16. There is a Muhammad Ali Center in Kentucky
Located in Louisville, Kentucky, the Muhammad Ali Center was developed to honor the athlete. The center usually takes time to appreciate Ali’s legacy with its “Three Days of Greatness.” During this time, a film on Ali’s life usually premieres, followed by the Muhammad Ali Humanitarian Awards presentation.
17. Muhammad Ali’s Relationship with Joe Frazier Wasn’t the Best
As rivals, you would expect Muhammad Ali and Joe Frazier to be best friends. However, the length to which they both demeaned each other was unbelievable. At some point, Ali referred to Frazier as a Gorilla. Ali’s reference to Frazier’s family also resulted in public humiliation for the subject. On the other hand, Frazier wasn’t empathetic to Ali’s situation when he had Parkinson’s disease. He believed that was a punishment from God.
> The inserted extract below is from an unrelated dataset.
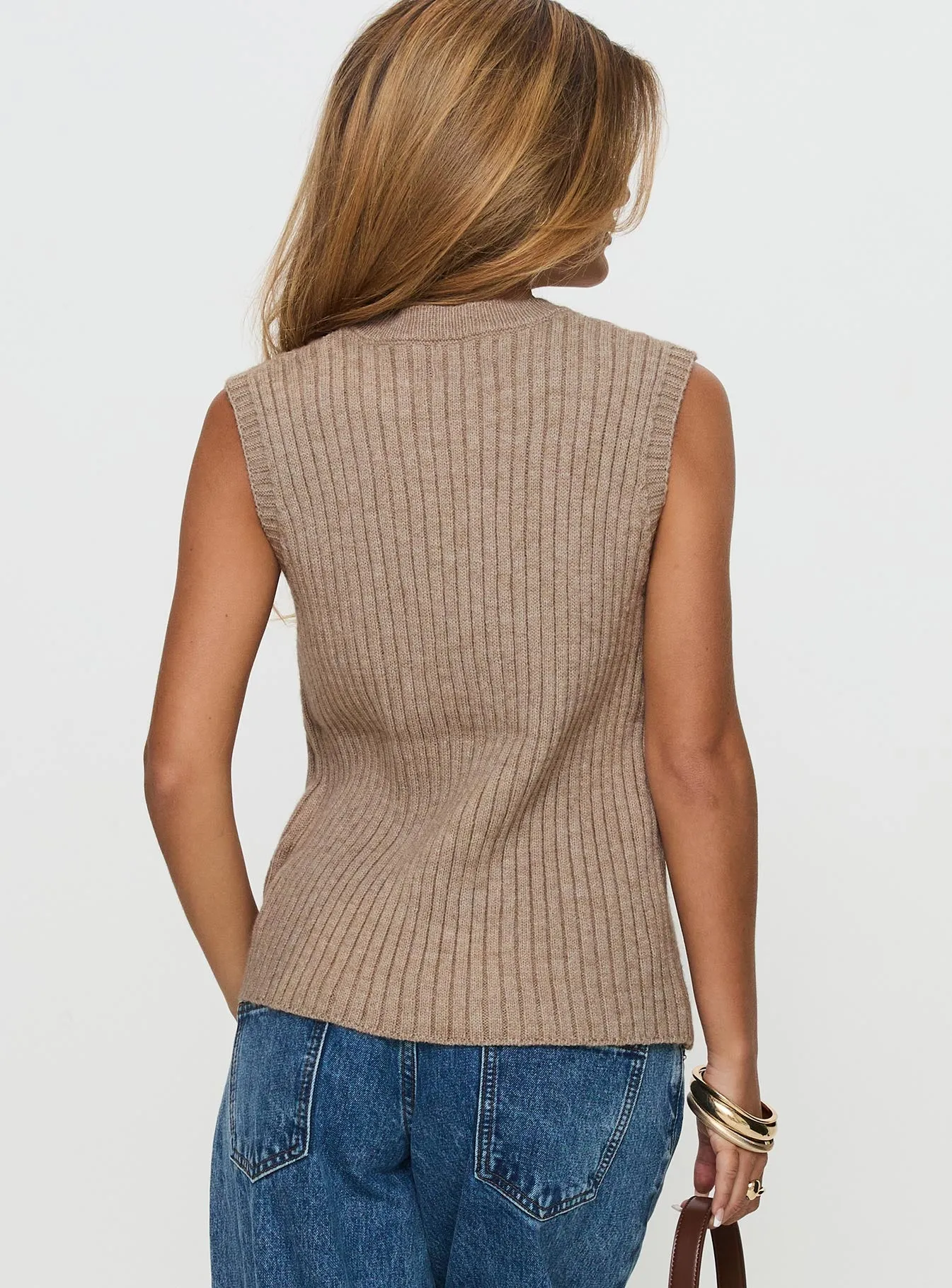 Jessabell Rib Sleeveless Top Mocha sold by Princess Polly product image thumbnail 4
18. Sugar Ray Robinson Denied Muhammad Ali an Autograph
When Muhammad Ali was still early in his career, he was denied an autograph by Sugar Ray Robinson, an American professional boxer who was his mentor. This hurt him so much that he promised not to deny an autograph request once he became a prizefighter.
19. Muhammad Ali Used to Abstain from Sex for Months before a Fight
Sources say Muhammad Ali used to abstain from sex for two months before a fight. According to him, semen retention made him unbeatable in the ring.
20. Muhammad Ali Tried His Hand in Entertainment
Other than boxing, Muhammad Ali tried his hand in acting, rapping, and spoken word. During his three-year boxing ban, he wrote and performed some spoken word poetry and rap music.
21. He Once Stopped a Man from Committing Suicide
In 1981, Muhammad Ali saved a man from committing suicide by shouting encouraging words. This earned him more respect from his fans. He also played a cameo role in the 1962 film version of Requiem for a Heavyweight. Ali was later featured in a documentary, Black Rodeo, released in 1972.